In order to have a self-consistent cloud (or line of sight), you must assume some length scale. Usually, one specifies a velocity gradient per length scale rather than an absolute length scale, but the length scale is important.
If a total column density of hydrogen N(H) is specified along with a density n(H), the length scale is trivial: N(H)/n(H) = L. If you increase the density, this length scale decreases - so far all is fine.
Within RADEX, the standard free variable is the column of the molecule of interest. If you change the column of the molecule, which is possible to do explicitly, and hold everything else fixed in RADEX (n(H), dV), the change can be interpreted as a change in the size scale or the column.

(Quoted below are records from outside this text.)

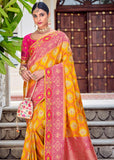 Amazing Orange And Pink Banarasi Designer Silk Saree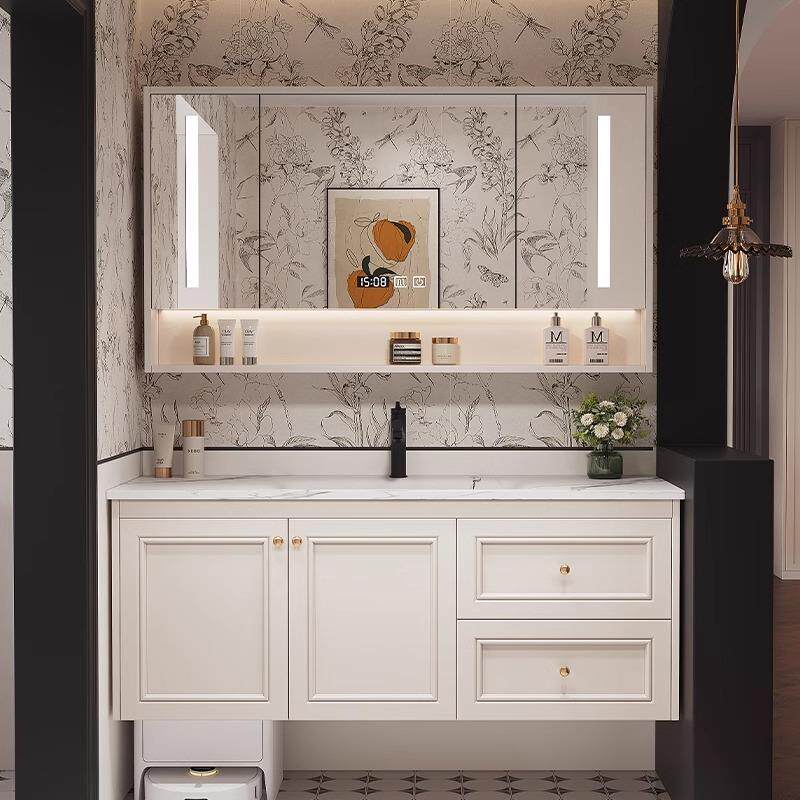 A9L2026新款法式奶油风浴室柜岩板陶瓷一体盆洗漱台面洗手脸盆柜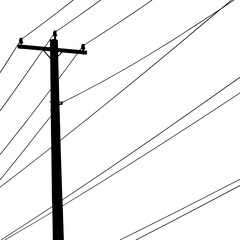 power lines on a white background - obrazy, fototapety, plakaty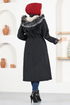 Zippered Coat Black EMO7015 - Thumbnail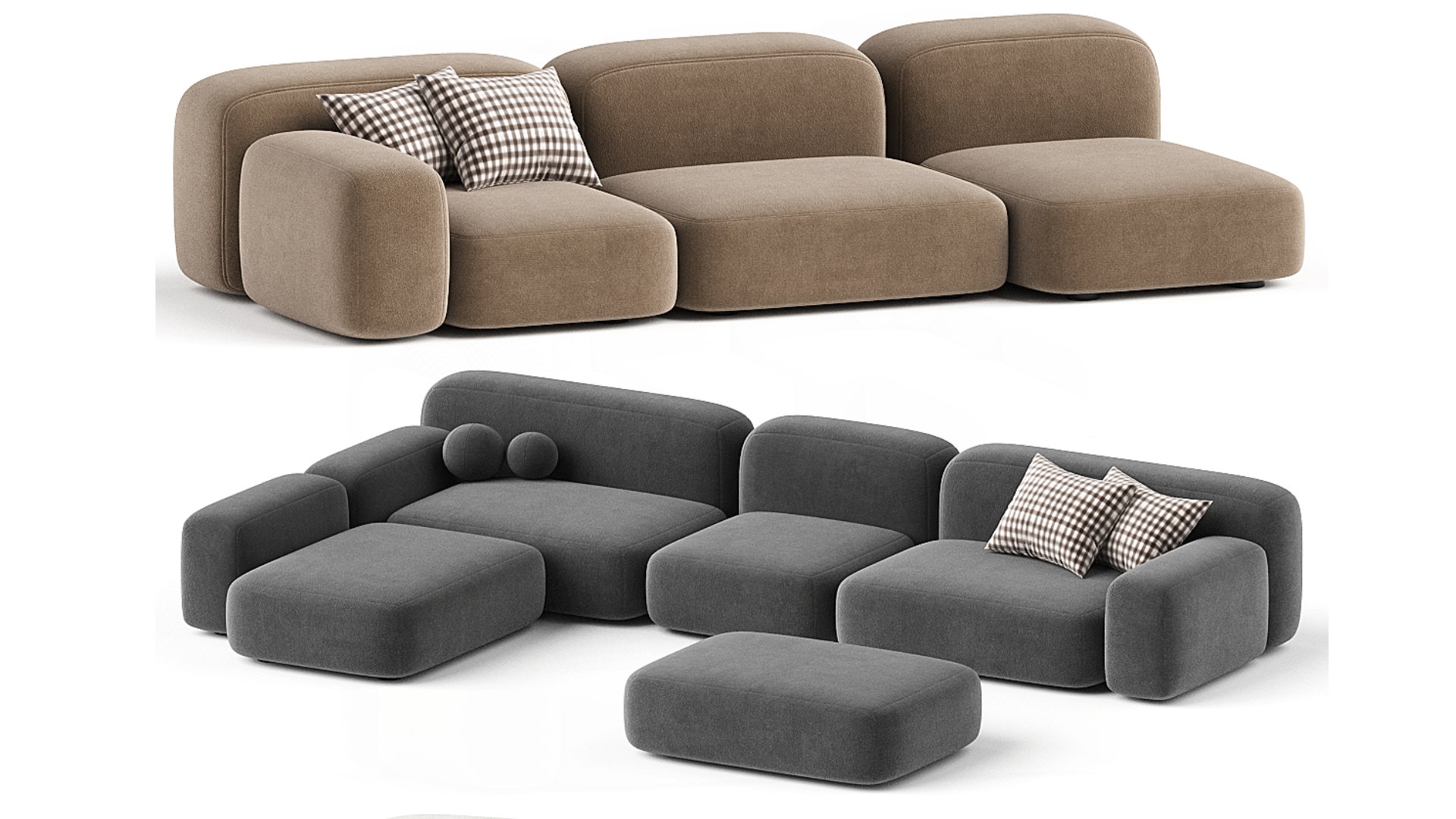 3D Modular Sofa Ribbl Model - TurboSquid 2203178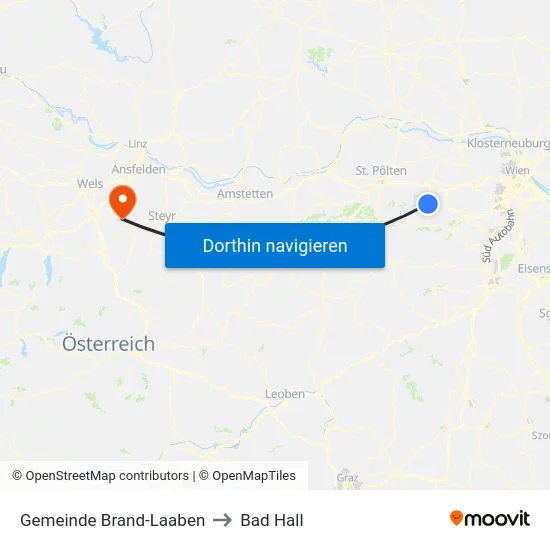 Gemeinde Brand-Laaben to Bad Hall map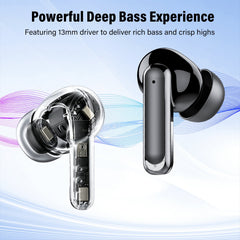 Wireless Earbuds Bluetooth 5.4 Headphones, Deep Bass Loud Clear Sound with Noise Cancelling Mic, LED Display 60H Playing Time in-Ear Headphones with Wireless Charging Case for iPhone Android, Black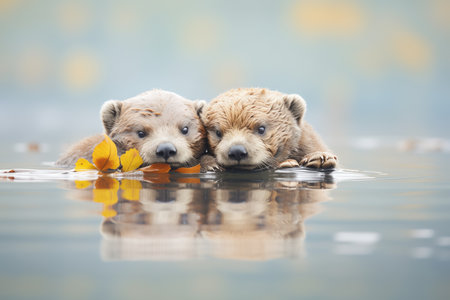 a pair of otters intertwined paws in a calm riverの素材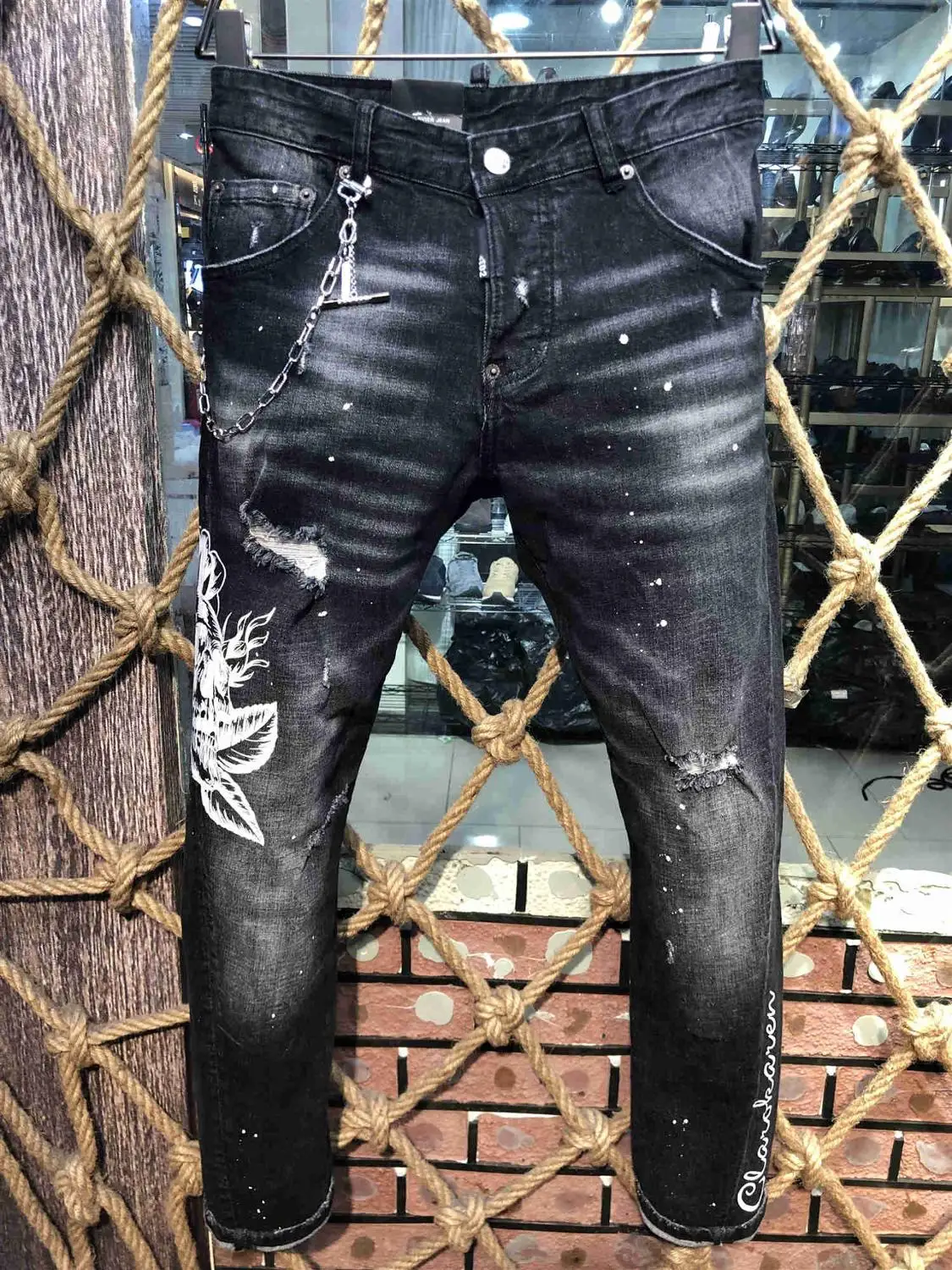 Новые мужские джинсы Рваные для мужчин обтягивающие DSQ брюки на пуговицах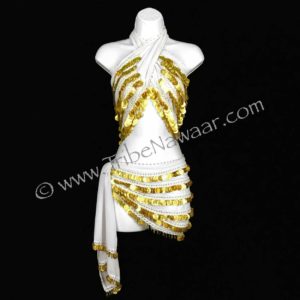 Tribe Nawaar's deluxe white & gold coin hip wrap, with a second wrap worn as a top.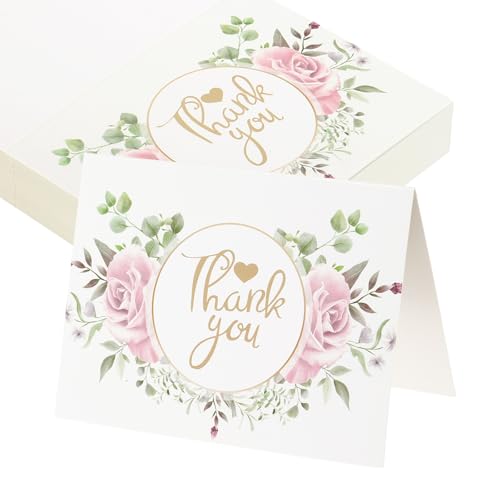 Cartes de remerciement mariage et anniversaire motif floral champêtre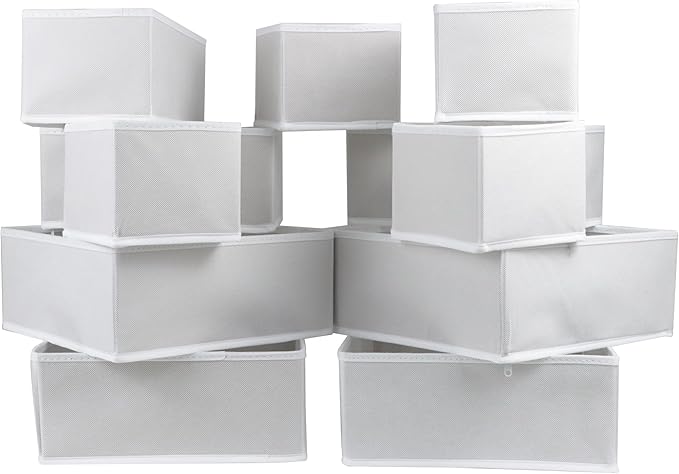 12 Pack Drawer Organizer Clothes, Foldable Fabric Dresser Organizer Closet - Image 2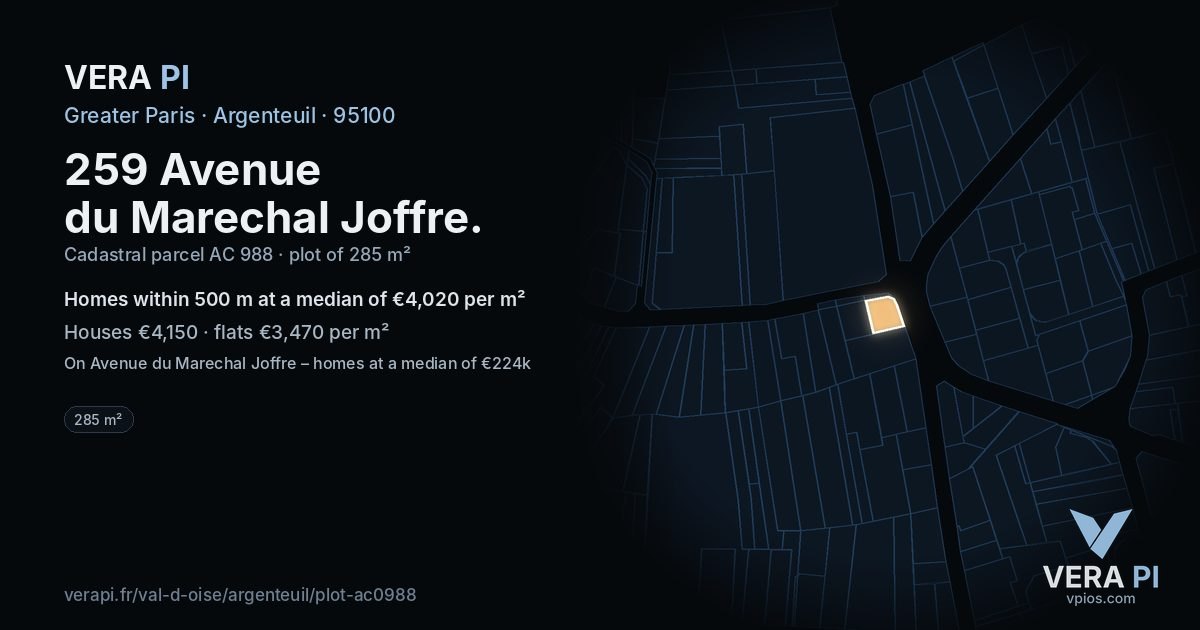 259 Avenue du Marechal Joffre, Argenteuil at night – the plot lit, the parcels around coloured by the prices near them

One could consider the alternative possibility of treating the length scale as a free parameter, but this approach contains a danger of changing the interpretation of the processes involved: if the length scale is decreased for a fixed delta-V, the velocity gradient dv/dl must be larger. This interpretation should be avoided as it bears the risk of breaking the LVG assumption. The velocity gradient is also often an imposed constraint via the observed linewidth, while the length scale is only weakly constrained in most situations.
In DESPOTIC, the free variables are the total column density, the density, the abundance, and the velocity gradient. Length is therefore left as the dependent variable, consistent with the above.
The Classes (Despotic & Radex) are constructed such that length is a dependent variable and all the others can be changed. Since abundance is not an explicit input into RADEX, this is done with some property machinery behind the scenes. In v0.3, the length in Radex has been fixed to 1 pc.